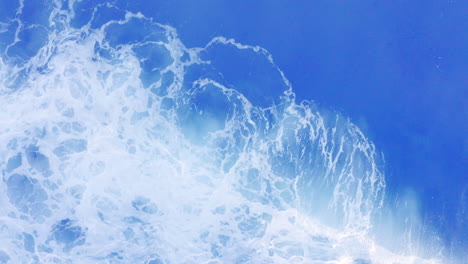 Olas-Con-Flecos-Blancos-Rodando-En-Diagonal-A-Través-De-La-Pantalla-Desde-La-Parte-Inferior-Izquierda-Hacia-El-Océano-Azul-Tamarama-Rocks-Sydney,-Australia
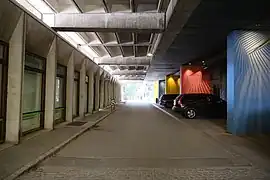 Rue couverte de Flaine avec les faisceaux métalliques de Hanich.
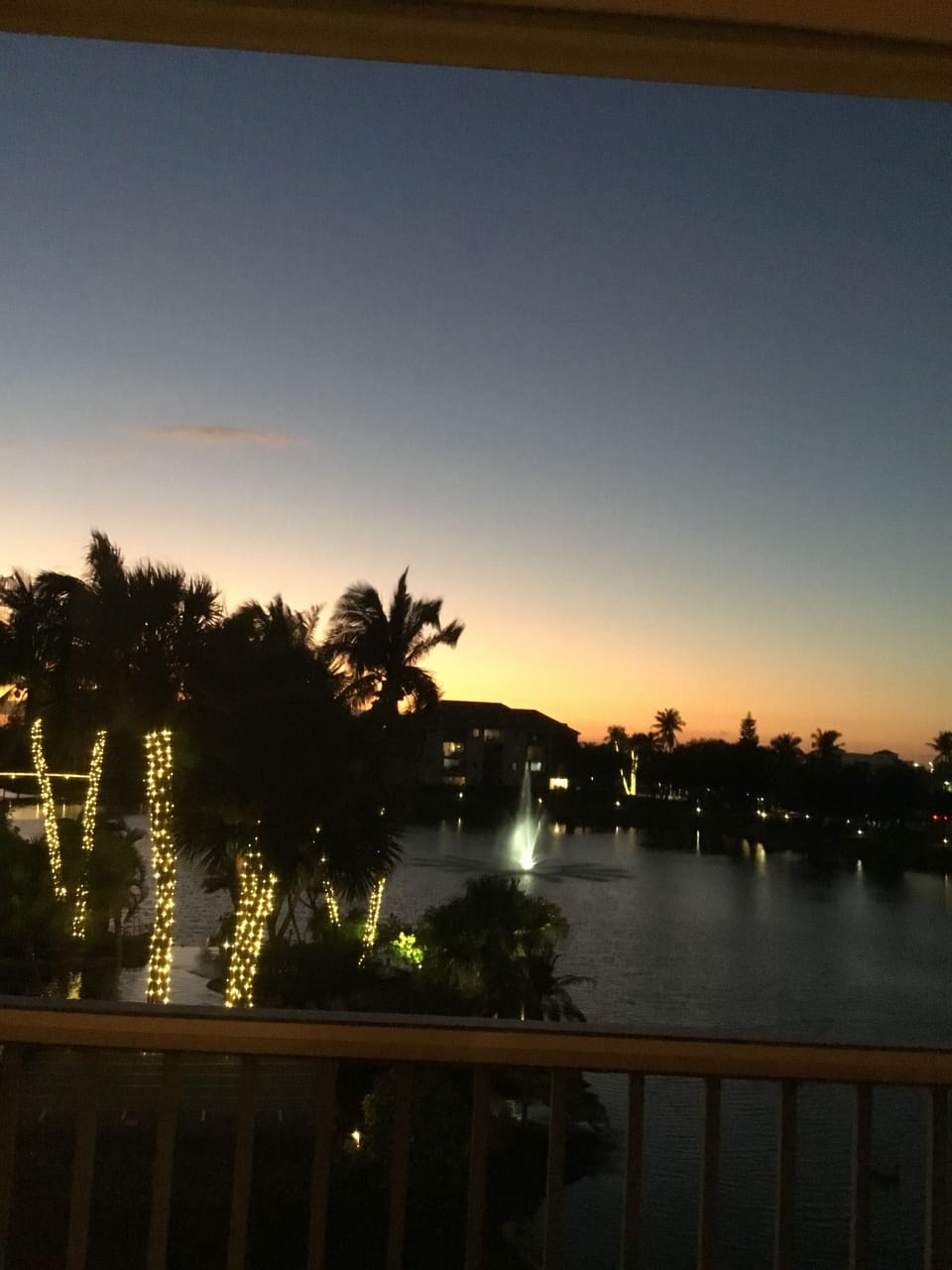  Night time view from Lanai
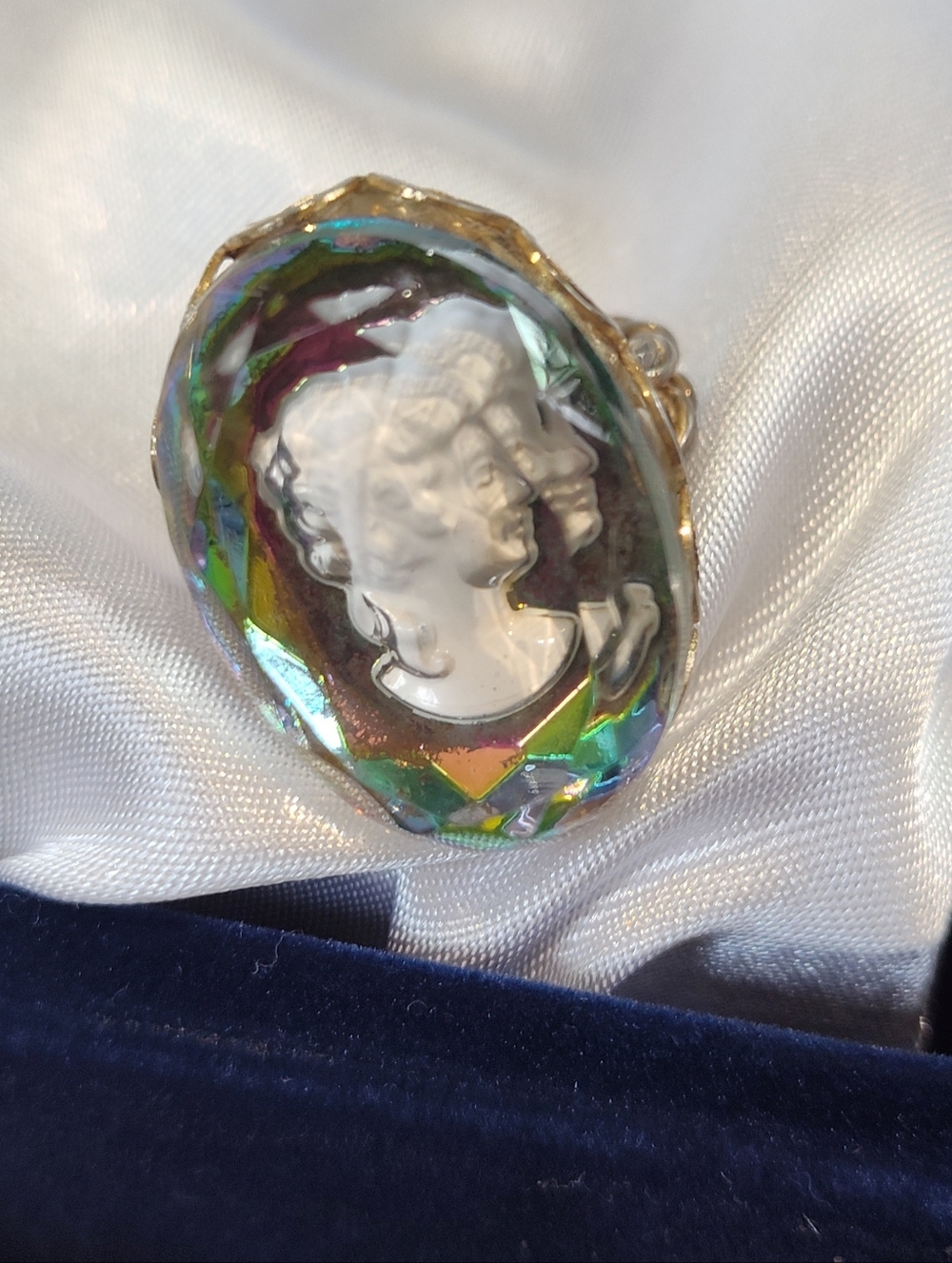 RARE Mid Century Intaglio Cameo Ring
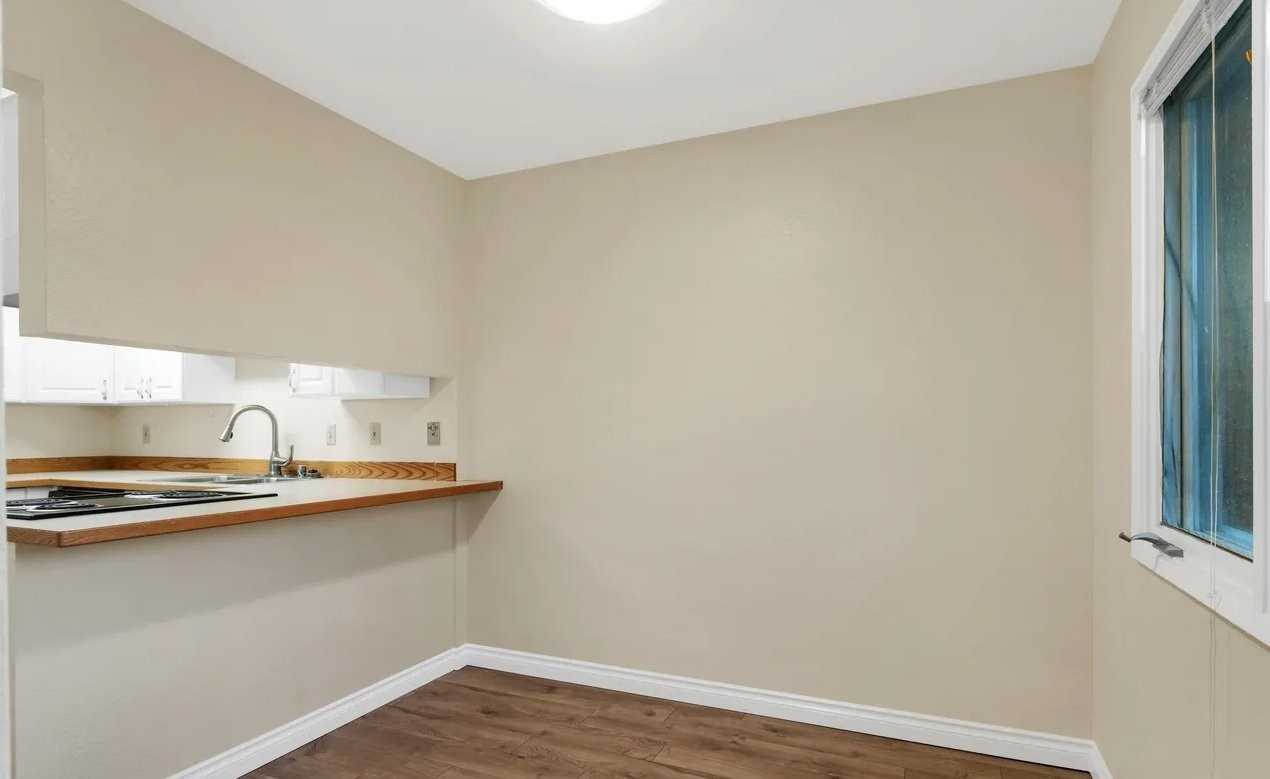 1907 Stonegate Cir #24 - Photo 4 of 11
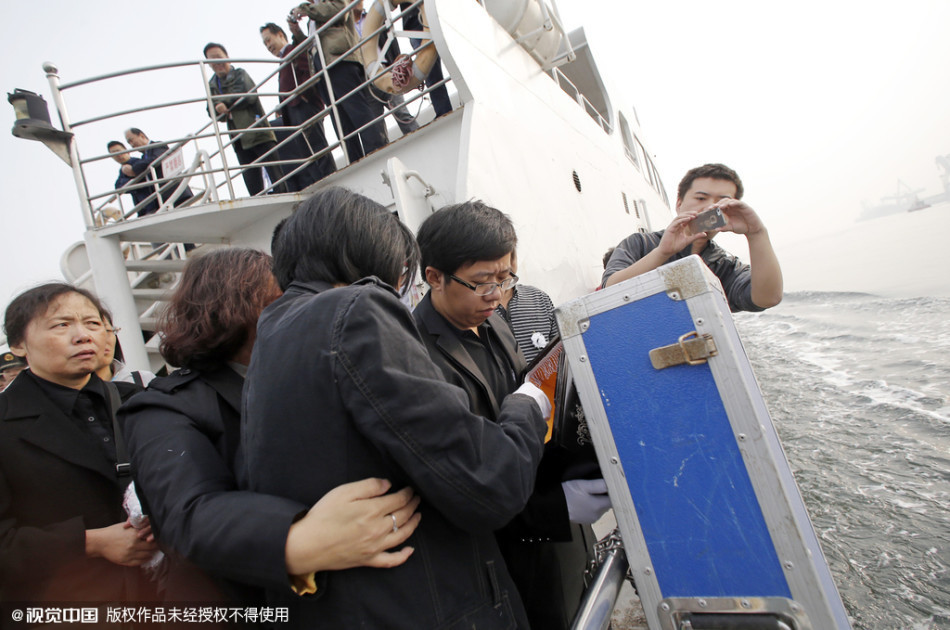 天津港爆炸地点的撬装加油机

_What the task asks_:
Up to and including the last line of the listing, starting at the line with "Rue couverte de", extract every line exactly and leave out the pictures.

_Task solution_:
 Rue couverte de Flaine avec les faisceaux métalliques de Hanich.
  Night time view from Lanai
 RARE Mid Century Intaglio Cameo Ring
 1907 Stonegate Cir #24 - Photo 4 of 11
 天津港爆炸地点的撬装加油机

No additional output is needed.